Те же самые проблемы возникают и при сопоставлении данного процесса с другими ему подобными, которые с ним сосуществуют. И здесь, пока отьединенно изучается данный условно-абсолютированный и ограниченный процесс, в нем остается многое, из него необъяснимое, определенное соотношение его с другими процессами. Многое представляется «случайным», многое – обуславливающим. Все это многое историк должен учесть, т. е. восполнить свою собственно-историческую работу предварительной работой – описанием внешних «условий» процесса и его систематического отношения к другим. Более глубокая «историческая» связь данного процесса с другими, не выражаемая в простом систематическом описании, историком тем не менее воспринимается. Но на предварительных стадиях работы она выливается в форму признания того либо иного момента случайным, фактором, причиною, в смутное ощущение «судьбы», «Провидения». И лишь при условии преодоления ограниченности исследования все эти понятия и примитивные объяснения обнаруживают свою условность и заменяются подлинным историческим пониманием.
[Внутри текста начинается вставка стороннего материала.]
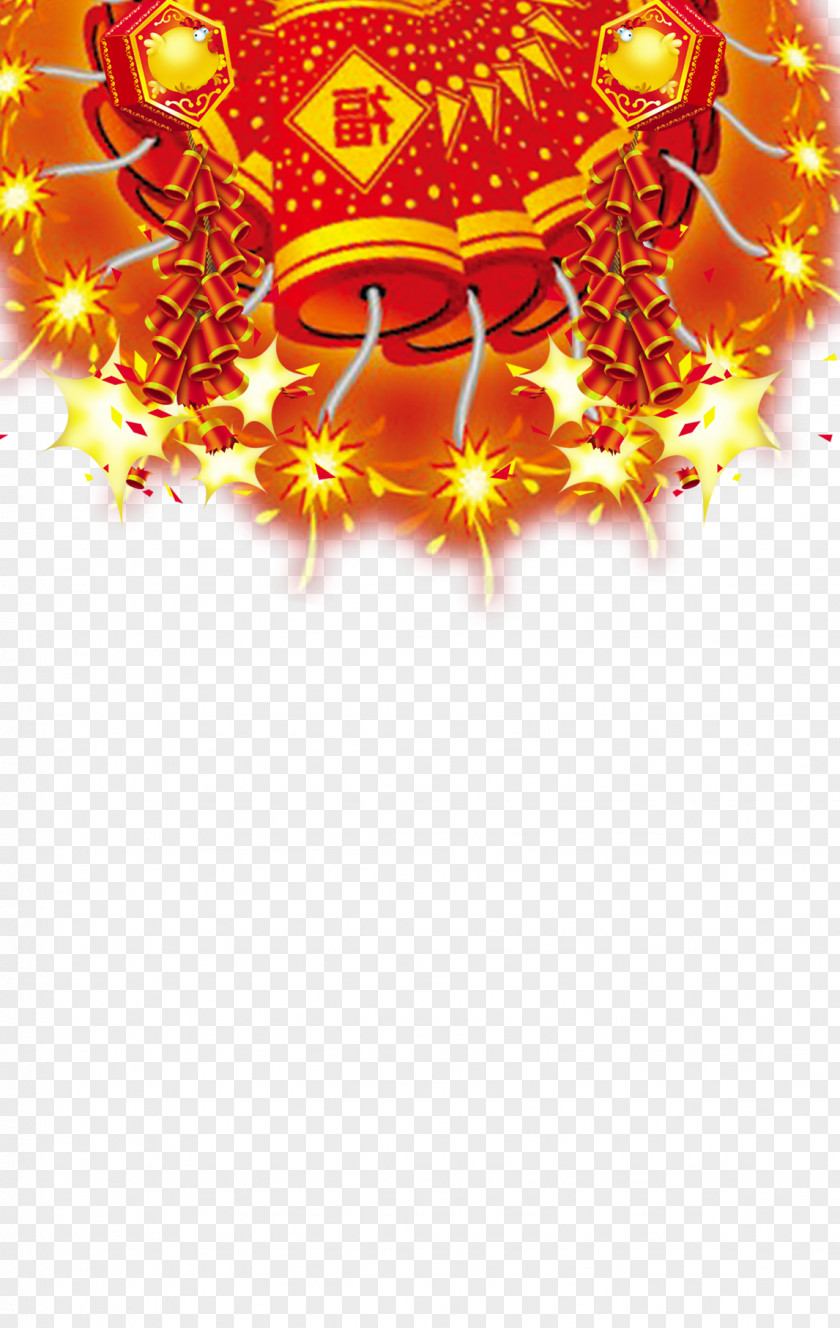 Chinese New Year Decorative Material Design Graphic Firecracker PNG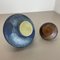 Colorful Ceramic Studio Pottery Vases by Otto Keramik, Germany, 1970s, Set of 3 17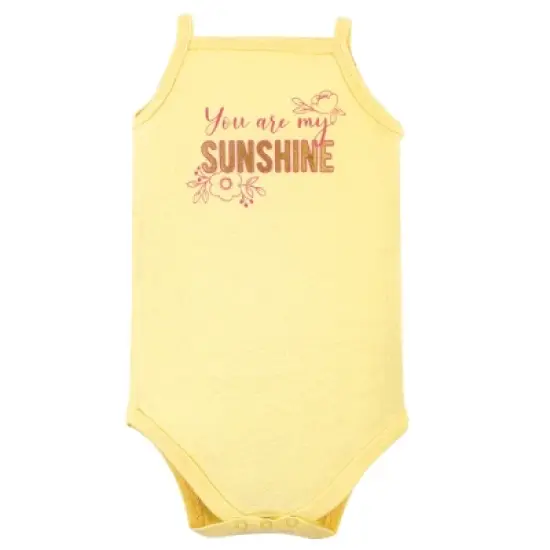 Little Treasure Baby Girl Cotton Bodysuits 3pk, Sunshine image {1}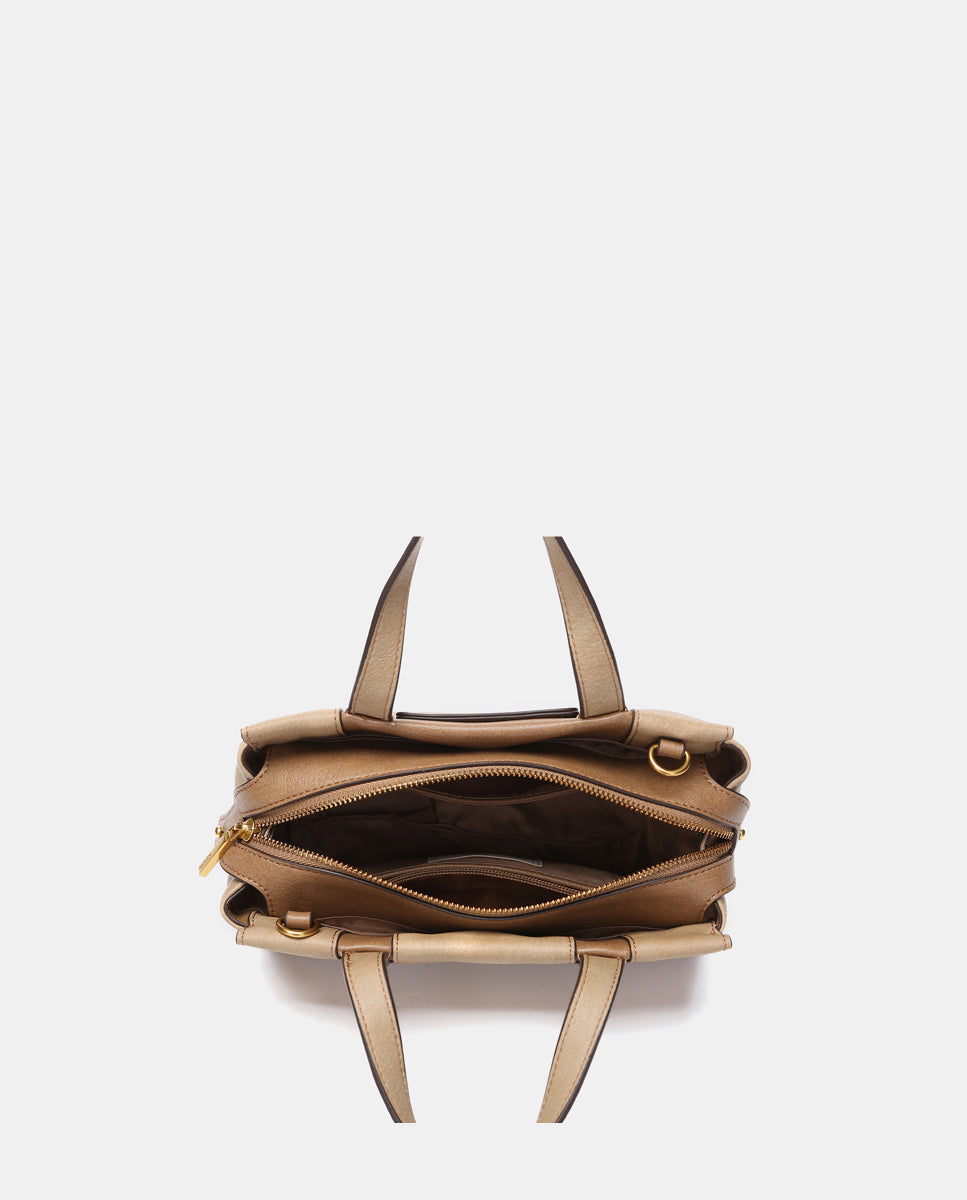 abbacino-bolso-de-mano-lady-camel-materiales-reciclados image 6
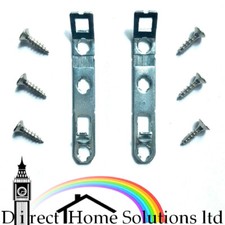 Front Fixing Hook Brackets for Grass Nova Pro Deluxe Drawers (pair) Incl Screws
Таким образом, если условно начертить линию занятий историка, как восходящую от ограниченного процесса ко все более «общим» и «объясняющим», мы должны будем отметить постепенное снятие последовательно возникающих внешних моментов: «причин», «факторов» и «случайностей». – Для изучающего экономическое развитие немецкого народа внешними фактами или моментами будут его политическое развитие, определяющее (хотя бы государственной разъединенностью Германии) развитие хозяйства, его духовное развитие и т. д. Случайностями будут, также, влияние тех или иных экономических идей и форм, ранее появившихся в Англии и Франции, протекционизм русских царей и многое другое. Но, при изучении развития Германии в целом, противопоставленность экономической, политической и идеологической сфер приобретет совсем иной характер. Историк уже не станет считать политический строй «фактором» хозяйственного или идеологического. Он усмотрит во всех трех сферах многообразные проявления одного и того же. Разумеется, различность этих сфер сохранится; но взаимоотношение их и взаимовлияние получат совершенно иной смысл. Однако и для историка Германии внешними фактами и процессами останутся истории Англии, Франции, Италии, России. В иной сфере, но и он должен будет предварительно устанавливать некоторую «систему», отмечать «случайное». Историческое преодоление внешнего и для него возможно только чрез восхождение к более «общему» процессу европейской истории и даже истории человечества. Но это восхождение к высшему отнюдь не должно быть исканием абстрактных формул, чем, например, грешил Лампрехт.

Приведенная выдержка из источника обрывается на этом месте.